• REQUIRED WORK: Every line from the one bearing "Không khí nhộn" through the last line of the records below is to be output exactly, and no other line; leave out the pictures.

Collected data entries

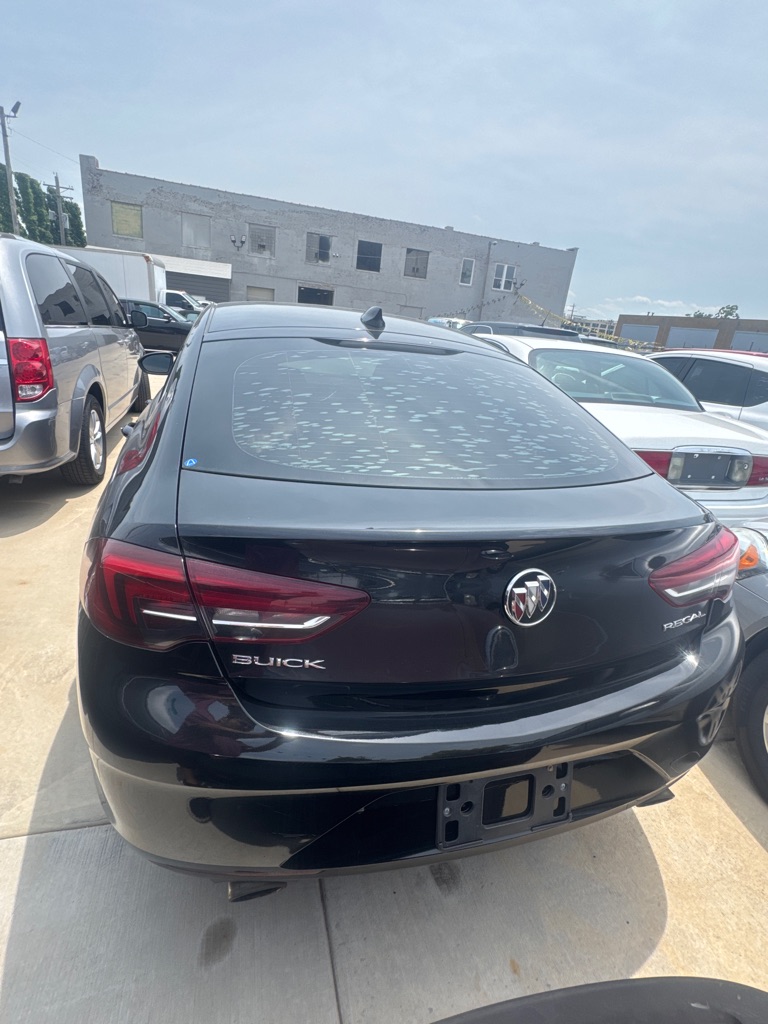 Photo 4 of this BUICK REGAL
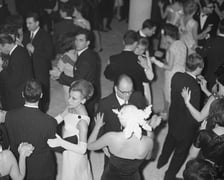 <p>Sylwester, uczestnicy zabawy w Pałacu Kultury i Nauki 1966/1967 Archiwum Grażyny Rutkowskiej</p>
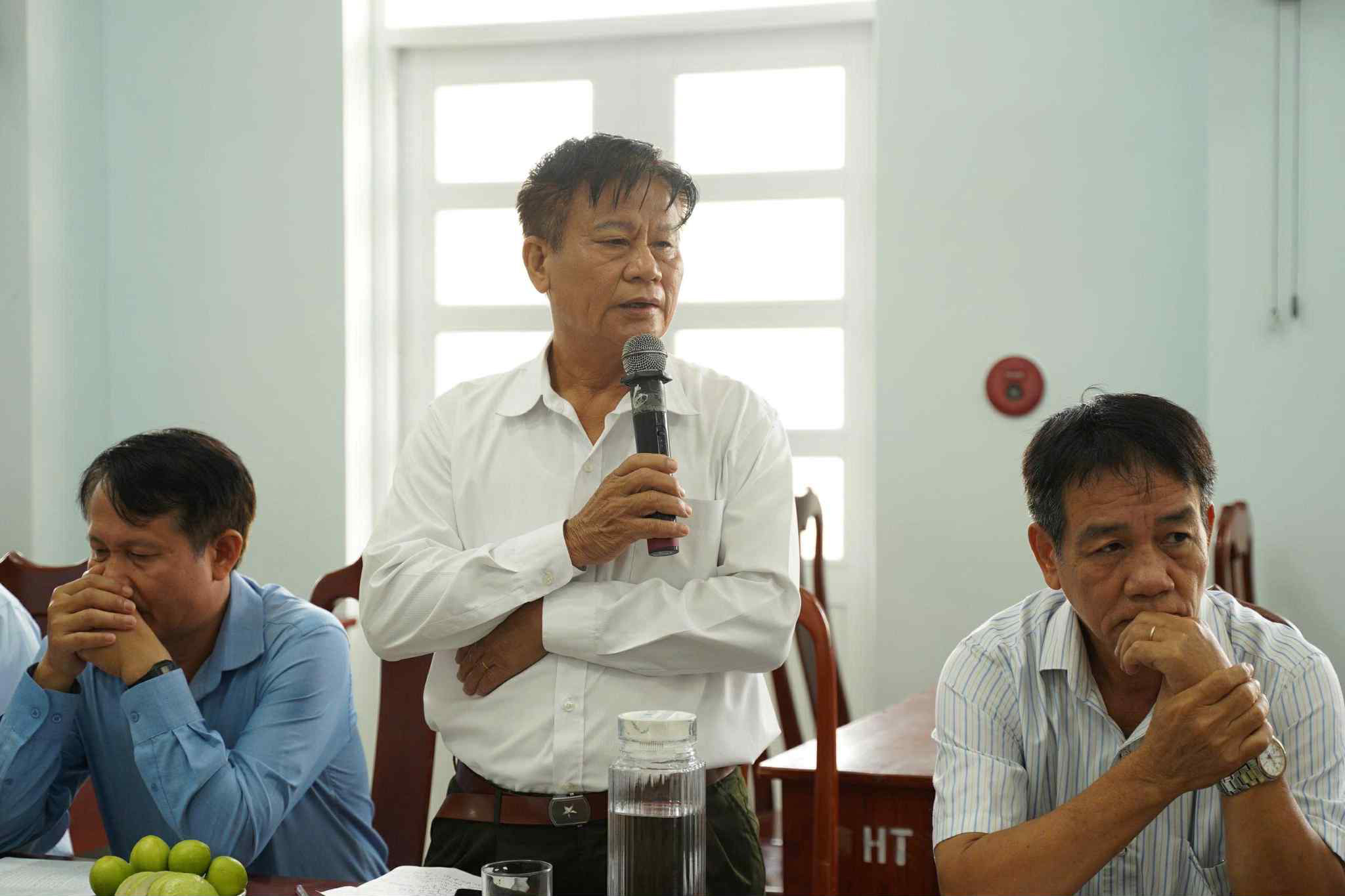Đại biểu đóng góp ý kiến phát triển kinh tế, xã hội phường Rạch Dừa trong thời gian tới.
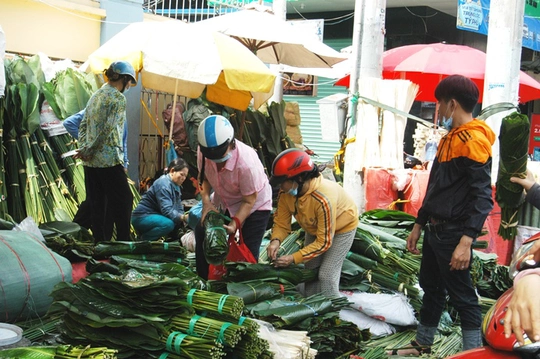 Không khí nhộn nhịp tại chợ lá dong Ông Tạ, đường Cách Mạng Tháng Tám (quận Tân Bình) sáng 24 tháng Chạp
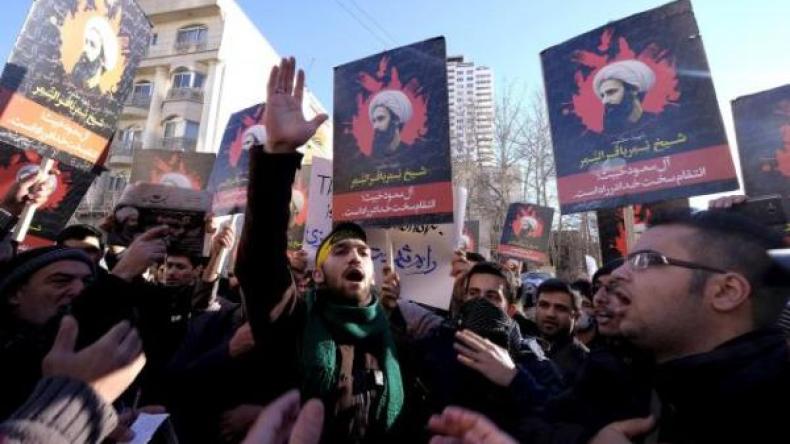 الإمارات تخفض تمثيلها الدبلوماسي مع إيران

• EXERCISE RESULT:
 Không khí nhộn nhịp tại chợ lá dong Ông Tạ, đường Cách Mạng Tháng Tám (quận Tân Bình) sáng 24 tháng Chạp
 الإمارات تخفض تمثيلها الدبلوماسي مع إيران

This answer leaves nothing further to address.